明治末期以降秋田県の酒造りが発展し、酒蔵において労働力が必要となったときに、農村部だった山内村(当時)で、冬に仕事が激減する農業従事者が高賃金であった酒蔵での出稼ぎに出る、というフローが定着したのが始まりの農村型杜氏集団です。

その後大正11年(1922年)に、よりスムーズな杜氏・蔵人育成と醸造技術向上を目的に「山内杜氏養成組合」が発足。戦時下で一旦事業はストップしますが、再発足や改称を経て昭和34年に現在の「山内杜氏組合」となります。

 

秋田県横手市「横手ゆき祭り」

秋田県横手市「横手ゆき祭り」

「きょうかい1号酵母」とは?

さて、今回の記念酒に使用された、同じくおよそ100年の歴史を持つ「きょうかい1号酵母」ですが、こちらは明治36年(1906年)に兵庫県・灘の「櫻正宗」の酒母より分離されたものです。

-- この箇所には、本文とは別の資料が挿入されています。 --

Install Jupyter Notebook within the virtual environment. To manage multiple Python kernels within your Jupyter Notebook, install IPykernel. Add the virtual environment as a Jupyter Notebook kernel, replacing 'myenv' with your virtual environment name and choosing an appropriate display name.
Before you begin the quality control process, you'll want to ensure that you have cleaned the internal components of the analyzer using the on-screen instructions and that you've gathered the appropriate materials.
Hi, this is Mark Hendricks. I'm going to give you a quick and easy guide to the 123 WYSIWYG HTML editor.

それ以降、清酒酵母の培養や頒布が精力的におこなわれ、香味特性や安全性に優れた清酒酵母が増えていったことによって、大正5年(1916年)から、優良な清酒酵母の第1号「きょうかい1号酵母」として日本醸造協会より頒布されました。

 

ですが時は移り変わり、着々と新たな酵母が発見・培養され、醸造技術も向上していくとともに、使用される機会が減っていき、昭和10年(1935年)には頒布が終了しています。

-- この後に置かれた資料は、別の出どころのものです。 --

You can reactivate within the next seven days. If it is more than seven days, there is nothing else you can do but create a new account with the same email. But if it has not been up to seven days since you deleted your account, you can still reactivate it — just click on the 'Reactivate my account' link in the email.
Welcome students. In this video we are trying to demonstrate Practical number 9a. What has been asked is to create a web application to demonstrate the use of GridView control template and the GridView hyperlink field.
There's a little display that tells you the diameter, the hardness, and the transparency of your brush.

その後はその名前だけが残る幻の酵母だと思われていたのですが、実は協会には保存株が存在していたことがわかり、そのルーツである「櫻正宗」が1号酵母を復活使用し、当時の製法で酒造りをおこないました。

明治のロマンと令和の技術が溶け合う「知新温故」プロジェクト

そんなきょうかい1号酵母は、山内杜氏も組合設立当初に使用していた酵母です。それを、令和の技術で蘇らせようと取り組んだのが、山内杜氏組合の創立100周年「知新温故」プロジェクト。

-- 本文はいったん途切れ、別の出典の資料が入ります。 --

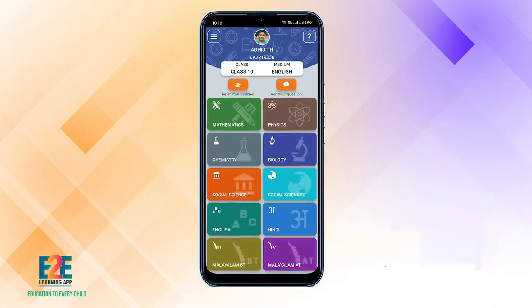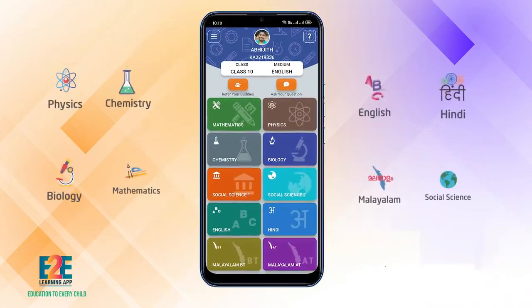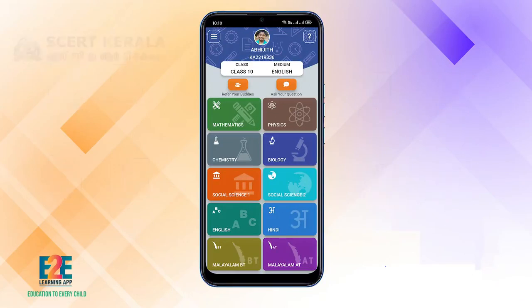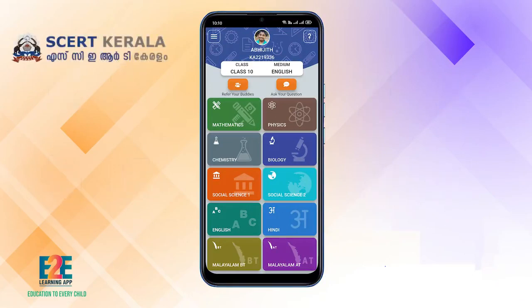You can learn from the E2E Learning App. That is, during a year, we will learn from the E2E Learning App.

当時の最先端の酵母とはいえ、その頃は酒造りには食米を使用し、醪はほぼ常温。きょうかい1号は当時としては低温下での発酵に向いていたそうですが、それでも現代とはまったく造りが異なっています。

 

歴史から掘り起こされた酵母を使い、そこに現代の酒米と醸造技術を組み合わせる。

まるでお酒で時間旅行を体験できるかのようなプロジェクトです。

 

プロジェクトに参加した10蔵

プロジェクトに参加した10蔵

 

この胸弾むポロジェクトに参加したのは、組合長を務める照井俊男杜氏擁する「阿櫻酒造」をはじめとする10蔵。

 

同じ酵母を使用しつつ、それぞれの蔵が使用米や製法で個性を発揮していきます。プレスリリースも2月、4月と二度にわたっておこなわれ、意気込みがうかがえます。

 

今回は、この10本のきょうかい1号酵母仕込み記念酒の中から、

  • 阿櫻 純米大吟醸 一穂積50%(阿櫻酒造)
  • 白瀑 純米大吟醸(山本酒造)
  • 天花 純米吟醸 無濾過原酒(大納川)
  • 出羽鶴 生酛純米吟醸 一穂積 CLASSIC(出羽鶴酒造)

の4本を筆者が入手し、それぞれをテイスティングしてみました。

 

1号酵母×山内杜氏の現代技術のコラボ酒は、どのような味わいなのでしょうか。

きょうかい1号酵母仕込みの記念酒をテイスティング

さて、4本を一度にテイスティングしてみたのですが、まず驚いたのはどのお酒もかなり似たベクトルの香味を持っている点。また、それぞれ穏やかながら吟醸香の華やかさがきちんとあること。

 

きょうかい1号酵母仕込みの記念酒をテイスティング

今回入手した4種

 

きょうかい酵母は数字が若いほど古いものなので、基本的に一桁前半でナンバリングされている酵母は、現代の清酒酵母のような派手さや華やかさはないと言われています。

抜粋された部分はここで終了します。